# How do I get over the fear of hurting my buns/animals in general?



## rpuckett (Jul 16, 2015)

I have always been around animals, and been the person people call on when they need help training a dog, catching a stray, or really any sort of situation. I have been helping my mother in law with her dog, who has a myriad of behavior issues as far as training and diet. My MIL is in poor health so I have also been periodically bathing and going running with the dog just to help out. Recently she asked me to cut his toenails as they are quite overgrown. It was definitely not my first rodeo as I cut rabbit nails all the time with no problems, and at least somewhat regularly help others in nail trimming for dogs/rabbits/things with nails. She bought a nice pair of nail clippers with a safety guard and everything. So it took me and two other people, the dog on a leash and restrained to even get a hold of his feet to see what was going on. Which is an improvement because he used to snap at you if you touched his feet at all. Anyways, I digress; I was able to trim a bit off of each nail on the front feet, but when I got to the back foot, things went to h***. I snipped a bit off on the nail and the dog cries out, my MIL freaks out, the dog starts bleeding from the nail (It wasn't gushing, but you know nails can bleed a good amount if you hit the quick). And I am keeping it together on the outside, but now I am freaking out too. The general consensus from the family becomes that I must not really know that much about animals, even after I explain that if the nail is overgrown sometimes the quick is out of place in the nail. The dog is fine of course, quickly forgets about it and stops bleeding. 

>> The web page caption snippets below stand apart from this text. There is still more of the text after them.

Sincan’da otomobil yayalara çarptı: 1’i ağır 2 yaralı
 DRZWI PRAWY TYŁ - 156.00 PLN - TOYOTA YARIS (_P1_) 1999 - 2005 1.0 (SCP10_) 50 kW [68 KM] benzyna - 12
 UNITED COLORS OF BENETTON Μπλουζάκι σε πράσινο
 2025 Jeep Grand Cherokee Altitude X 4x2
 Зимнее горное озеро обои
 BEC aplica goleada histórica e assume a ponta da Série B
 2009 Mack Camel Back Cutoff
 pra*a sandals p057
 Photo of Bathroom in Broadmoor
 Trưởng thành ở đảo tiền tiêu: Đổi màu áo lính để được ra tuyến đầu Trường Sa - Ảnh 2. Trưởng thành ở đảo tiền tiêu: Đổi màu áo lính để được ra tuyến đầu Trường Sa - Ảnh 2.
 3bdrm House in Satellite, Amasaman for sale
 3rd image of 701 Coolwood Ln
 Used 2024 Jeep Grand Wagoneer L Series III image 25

That story is all well and good, but now I am so scared to cut my buns nails. I keep overthinking about the dog, and how I felt confident in what I was doing and hurt him (even if it was just for a minute/something minor.) And now the rabbits are a bit overgrown and it is just getting worse, because the longer they get, the more afraid I am going to hurt them. It seems so dumb even just typing it out. I have been cutting their nails for 5 years, and trimming rabbit (and dog) nails for years before that. Why did this shake me up so bad, and how can I overcome it so that my buns don't have to live with long uncomfy nails? Also, someone else tell me their stories so I don't feel completely insane about all this.


----------



## BrokenMermaid (Jul 16, 2015)

You're not insane! I too am one of those animal people. If people need help with an animal, they know they can count on me. It can be a pet, a wild critter, or even a scary animal that nobody is sure what to do about. I have rehabbed squirrels, birds and rabbits that are wild and often want nothing to do with me. I have endured snake bites and had a decent chunk taken out of my cheek by my parrot brother. I _still_ get nervous about clipping certain animals nails. My sugar gliders specifically have really tiny nails and one of them always get very freaked out by the whole thing, and her nerves totally make me nervous. And you're right, when you do accidently cut the quick, which often happens on an animal who hasn't had their nails done regularly because the quick does move, even though you know they'll be fine it's still nerve wrecking! It's hard to come back with confidence but remembering that you are capable is really the key. Accidents happen, even with the most practiced people, and it doesn't mean you don't know what you're doing. My rabbit used to wait until the last second and then move his paw, even though I knew he would do it I still cut too short a few times. I told myself that each time was a lesson, and it was definitely better than him having overgrown and hurtful nails. I knew that I loved him and I had faith that I could use that love to do what was needed. I didn't do it around anyone who would say criticisms to diminish my confidence. I always took calming breaths and focused before approaching him, and kept Quick Stop Powder near by (it's a powder which can be used to stop the bleeding quickly). I still use these same steps with my gliders, who are now much better than they used to be. Once you do it you realize it wasn't really as bad as you feared, and it gets easier and easier. Don't feel bad that this got to you, we don't really control what does or does not affect us, or even know why, you're still a caring person who is good with animals, you're just a little shaken.


----------



## Azerane (Jul 17, 2015)

You can also use the "squeeze, squeeze, clip" technique. Which is basically positioning the clippers, and giving the nail two squeezes without cutting the nail, if you're badly positioned over the quick, your bunnies will react from the pressure to the area and draw their paw back. This means you can reposition (there'll be a slight mark from where you squeezed the nail so can move in front of that), then you squeeze again to check and if they don't withdraw you can clip the nail.


----------



## Nancy McClelland (Jul 20, 2015)

:yeahthat:


----------



## stevesmum (Jul 20, 2015)

We've all done it, don't beat yourself up about it. You were trying to help. And be sure to tell your family that they can surely handle it on their own from now on if that's their consensus!


----------



## rpuckett (Jul 26, 2015)

Thanks you guys, that does make me feel a lot better. And I will definitely be adding the squeeze, squeeze clip method going forward, especially on the bun that has dark nails. I had never heard of that before, but it does make total sense. You guys all rock!


----------